Review: Less Than Charming
What if there were a world where fictional characters lived? What would that world look like? Would the science of our world work there? Would magic?
Sophie is the 12th princess from the fairytale “12 Dancing Princesses,” and as a result of her story being told for hundreds of years, her sense of character is pretty strong. Do you remember her? The curious one who was suspicious of someone sneaking behind her and her sisters? Imagine how many times her story has been told and re-told in its various forms and how it affects her personality and sense of self.
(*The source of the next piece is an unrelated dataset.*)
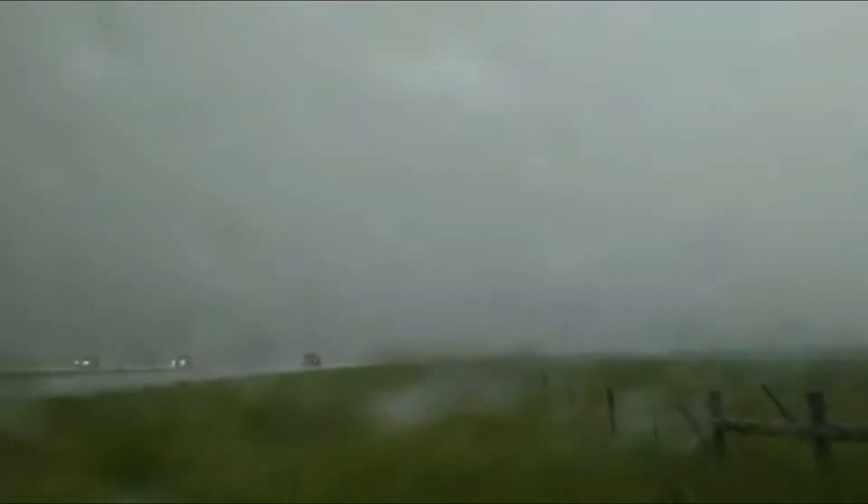Got some lightning off to the north and east now. This is moving pretty quickly. As you can see, there's a clearing already to the north behind this bow echo.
Where would a girl like that work?
A newspaper, of course, because a girl that curious is bound to want to be an investigative journalist.
LESS THAN CHARMING is Rebecca A. Demarest’s most recent novel, and takes place in a world there every character ever created lives. Yes, Edward Cullen, Gandalf, and Pinkie Pie all exist in the same world. And interact. Oh imagine the possibilities.
The Charmings are throwing an anniversary party of the founding of the Central hearth (the symbolic source around which stories are told), and Sophie is intent on finding hidden scandal. But when she arrives to Central City, she’s approached by the Storyteller, Himself, and sent on a quest to discover why Prince Charming is changing history.
Sophie runs into her former flame, none other than Jack the Giantkiller, with whom she spent partying during their wild youth. She’s been avoiding him ever since, but Jack has done some maturing on his own and decides to help Sophie in her quest. And it’s a good thing, too, because if Prince Charming catches wind of her snooping, there’s bound to be trouble. Fortunately Jack is handy with an axe.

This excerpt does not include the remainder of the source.